La naturaleza solitaria con la que transcurro las horas.
Las intuiciones sobre los ojos ajenos y el aislamiento de mi mirada que ahonda en los huecos internos.
He cortado uno por uno los caminos, se han cerrado los conductos que me encontraban entre brazos, en conjunción por el entendimiento mágico.
La vergüenza de una imposibilidad que no comprendo, que observo con inocencia porque las intenciones murieron hace tiempo.
Paso como un transeúnte cercano o lejano. Paso viendo como todo se mueve alrededor.
La cobardía y estos días de retorno, reavivan las heridas que me llenan el aire y el respiro de fantasmas.
Colecciono en la memoria todos los momentos de abrazos certeros, de fusiones perfectas, de besos húmedos y largos, de manos sobre el sexo, de caricias por la espalda, de lunares encontrados, de voces en calma.
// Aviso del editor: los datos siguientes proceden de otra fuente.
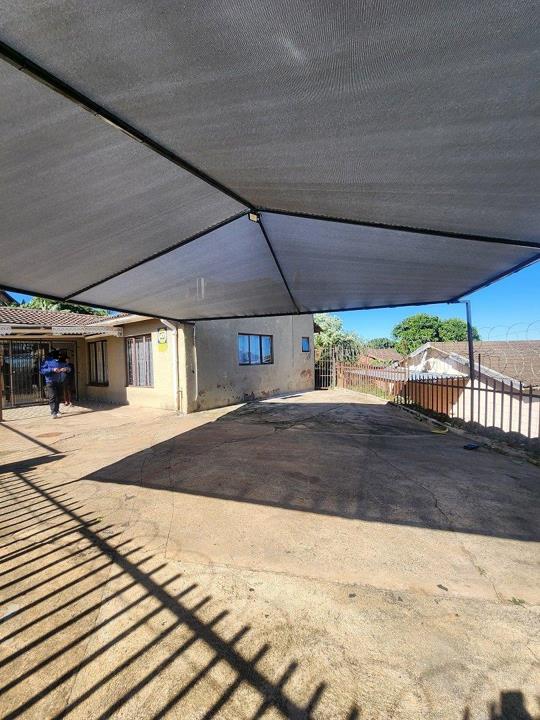 4 Bedroom House for sale in Copesville - P24-117240171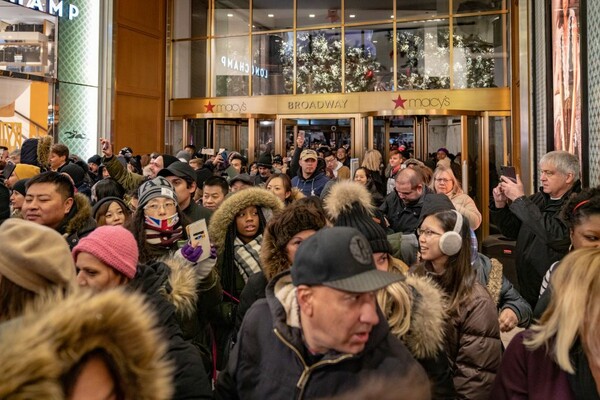 Black Friday: Μίζερο στη Γαλλία - Χαμός παρά την παγωνιά στις ΗΠΑ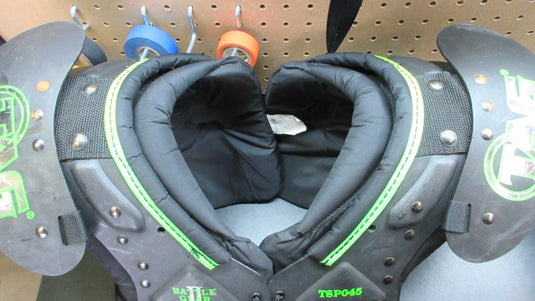 Used Tag Battle Gear Shoulder Pads - 2XL 150-180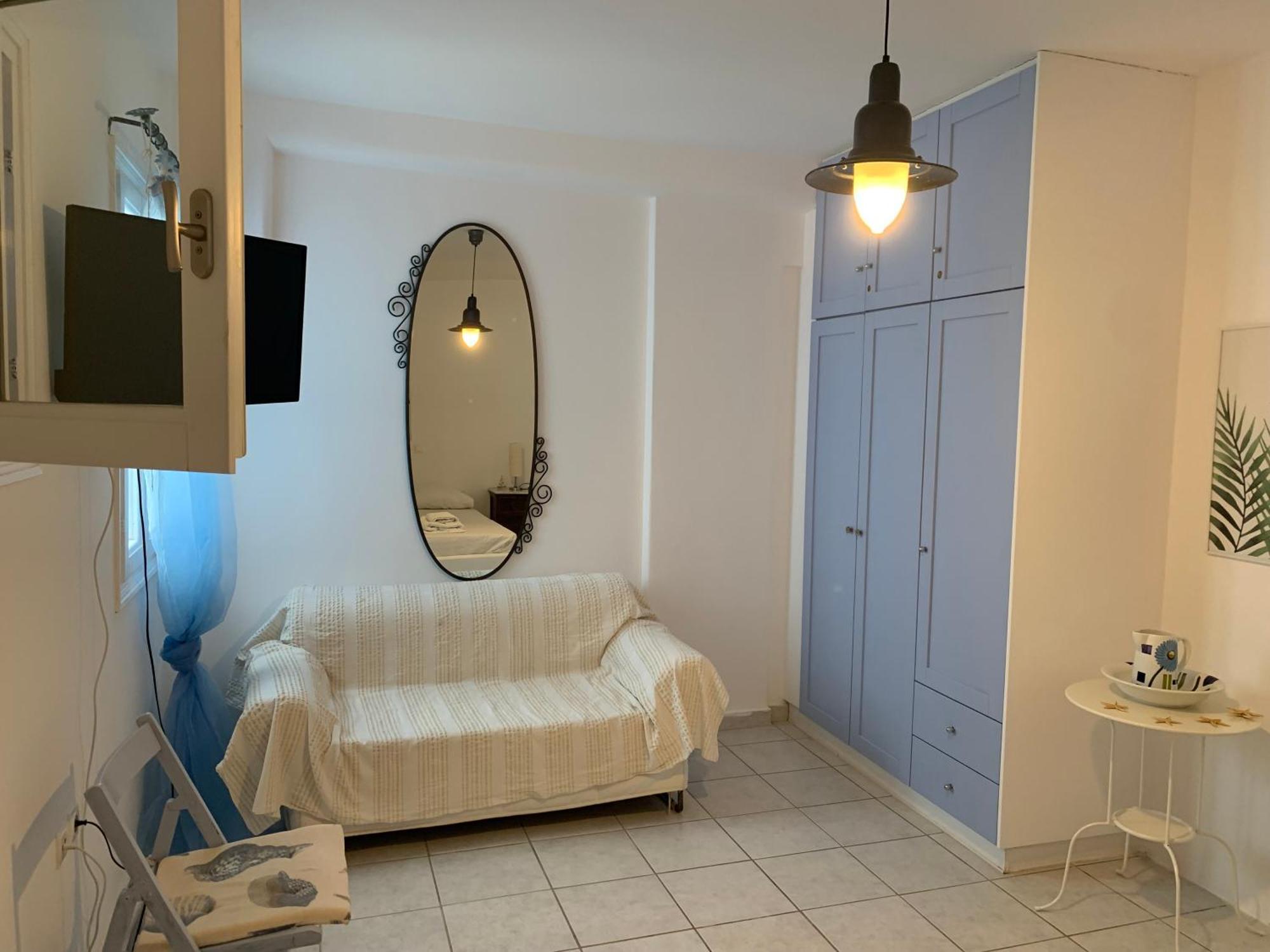 Irenes House Piso Livadi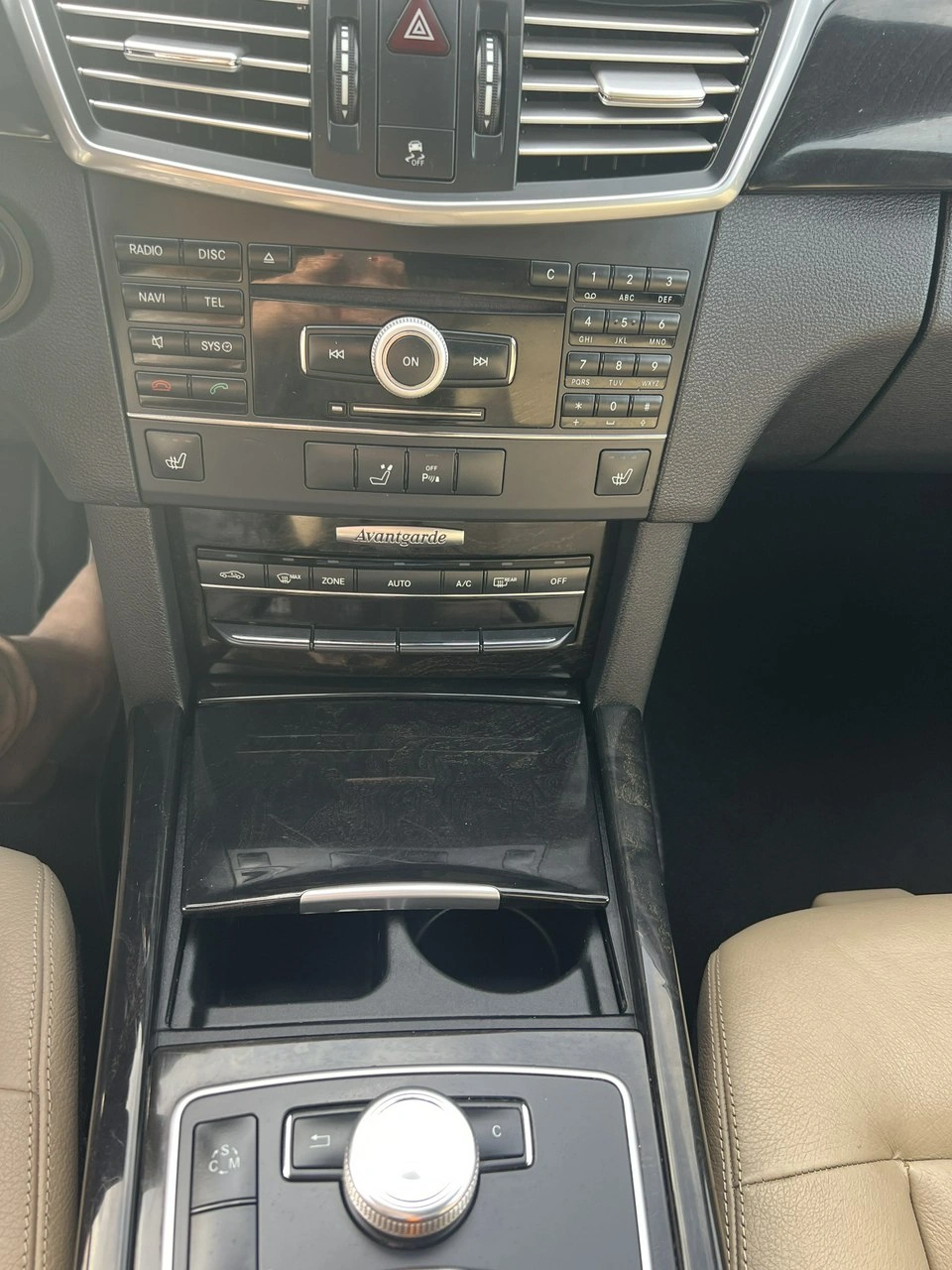 Mercedes E 350 - Zdjęcie 20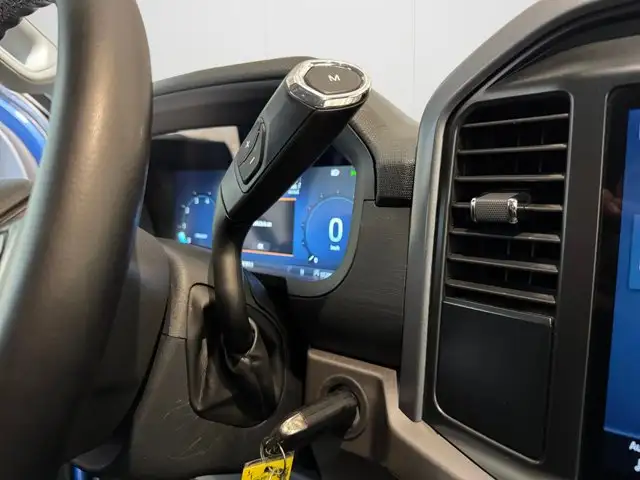 2025 Ford F-150 XLT | One Owner | 12 Inch Touchscreen in Cars & Trucks in Edmonton - Image 15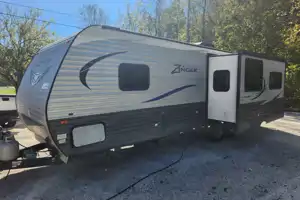 Curtis's Crossroads Zinger Travel Trailer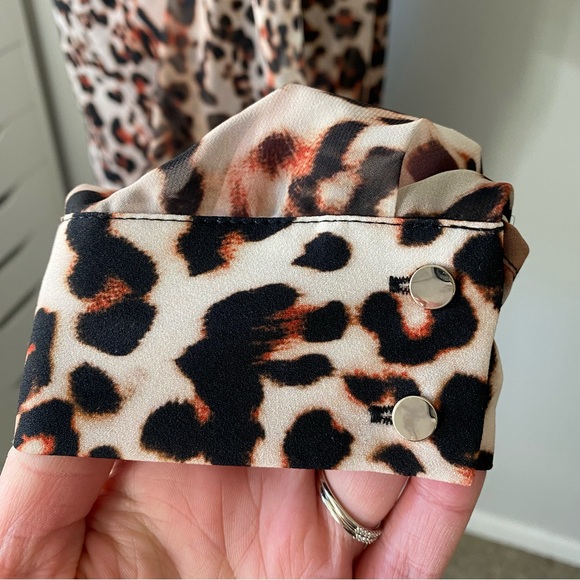 BEBE Cheetah Leopard Sheer Blouse Top with Half Front Zip - Picture 8 of 9
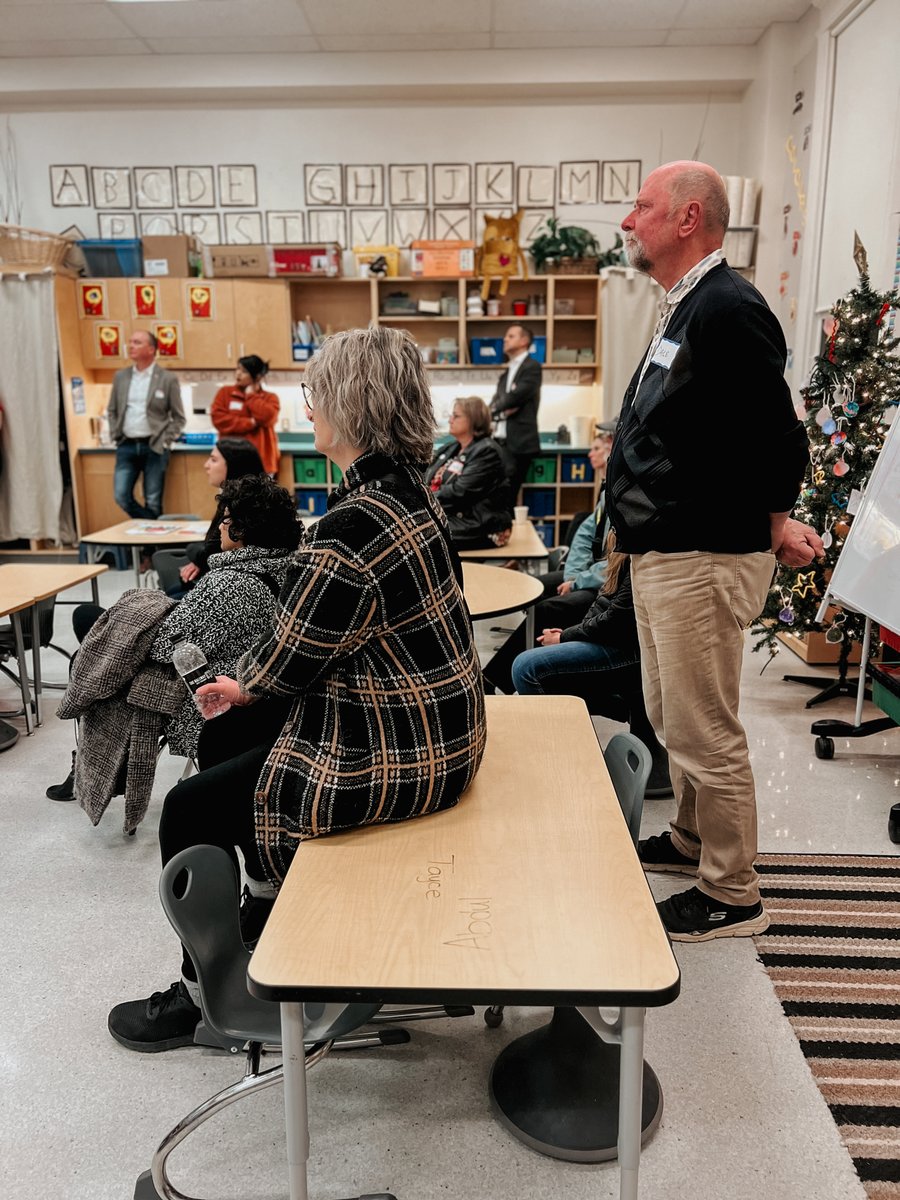 myunitedway's tweet photo. Thank you to our dedicated volunteers Clayton Shaw, Cal Jungwirth, Brad Campbell, &amp; Greg Wengreniuk who dedicated their time to make a difference last night at the #AIFYOpenHouse at Norwood Elementary.

🔗 Learn more about #AIFY: https://t.co/1TmJUcVYGB https://t.co/bBsSYiKH3k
De sueños compartidos y grandeza de las almas.
Mi rendición en este árbol solo, ante el juicio del sol que me calienta la piel. Entregada a la tierra que beso con los pies. En el mundo que construyo, al que vuelvo, del que no me quiero desprender.
Sólo digo, este cielo tiene que ser compartido.
Dejo atrás y sin testigos toda la miseria, todo el veneno corrosivo, hoy decreto la entereza de mi alma y la apertura al amor compañero y compartido.